In 1884, John Dewey received his doctorate and was hired to work as an assistant professor at the University of Michigan. There he met his future wife, Harriet Alice Chipman, and the two married in 1886. She gave birth to six of their children, and they adopted one child.
In 1888, Dewey left Michigan and took a position at the University of Minnesota. He worked as a professor of philosophy. However, only after a year, Dewey decided to return to the University of Michigan and continued to teach there for the next five years. He was made the Head of the Philosophy Department at the University of Chicago in 1894. He remained at the university until 1904 and served at its School of Education for two years. After leaving the University of Chicago, Dewey joined the Ivy League and became a professor of philosophy at Columbia University, where he worked until his retirement in 1930.
The writings of William James inspired John Dewey's philosophical views. Dewey is known as experimentalist, or instrumentalist, mainly focusing on human experience. He mainly rejected the rigid ideas of Transcendentalism of the academia.
During his academic career, Dewey was a proponent for educational reform, believing that education should be based on the principle of learning by doing. He and his wife Harriet began an experimental school in 1894, the University Elementary School at the University of Chicago. He wanted to test his educational theories but resigned when the university president fired his wife.
In 1919, John Dewey and his colleagues founded The New School for Social Research. The progressive, experimental school was emphasizing on the free exchange of intellectual ideas in the arts and social sciences. Dewey began lecturing on his educational reforms all around the world and was impressed by the experiments in Russian educational system. He shared his experiences in the United States, stating that educational system should focus on student’s interactions with the present.
After he retired from teaching in 1930, Dewey became an active member of several educational organizations, like New York Teachers Guild and the International League for Academic Freedom.
In 1887, John Dewey released his first book Psychology, and the following year, Leibniz’s New Essays Concerning the Human Understanding. During his life, Dewey has published more than 1000 works, including essays, articles, and books, covering a wide range of topics, including psychology, philosophy, education, culture, and religion.

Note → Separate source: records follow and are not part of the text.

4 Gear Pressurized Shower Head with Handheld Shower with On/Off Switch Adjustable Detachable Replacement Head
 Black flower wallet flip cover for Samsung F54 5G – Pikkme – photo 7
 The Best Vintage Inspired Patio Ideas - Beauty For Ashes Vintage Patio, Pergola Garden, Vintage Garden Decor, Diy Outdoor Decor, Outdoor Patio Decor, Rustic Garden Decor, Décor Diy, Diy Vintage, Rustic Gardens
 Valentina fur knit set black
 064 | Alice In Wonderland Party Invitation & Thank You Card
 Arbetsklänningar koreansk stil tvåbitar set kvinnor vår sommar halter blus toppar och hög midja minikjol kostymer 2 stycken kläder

Dewey believed in Democracy as the best type of government but thought that America’s democracy became strained during the Industrial Revolution. He found that industrialization created enormous wealth for only several people, and did not benefit the society.
John Dewey's wife died in 1927, just three years before his retirement. He remarried in 1946, at the age of 87 to Roberta Grant. After their marriage, he lived off his wife’s inheritance and his book royalties. Dewey died in 1952, after suffering from pneumonia. He was at the time 92 years old.
Dewey received the Doctor “honoris causa” honor from the University of Oslo, University of Pennsylvania, Yale University, and the University of Rome. The John Dewey High School in Brooklyn, New York was named in his honor. There are also several other educational institutions named in his honor, like the John Dewey Academy in Great Barrington, MA- a boarding school for troubled adolescents and the charter school in Green Bay, Wisconsin, John Dewey Academy of Learning.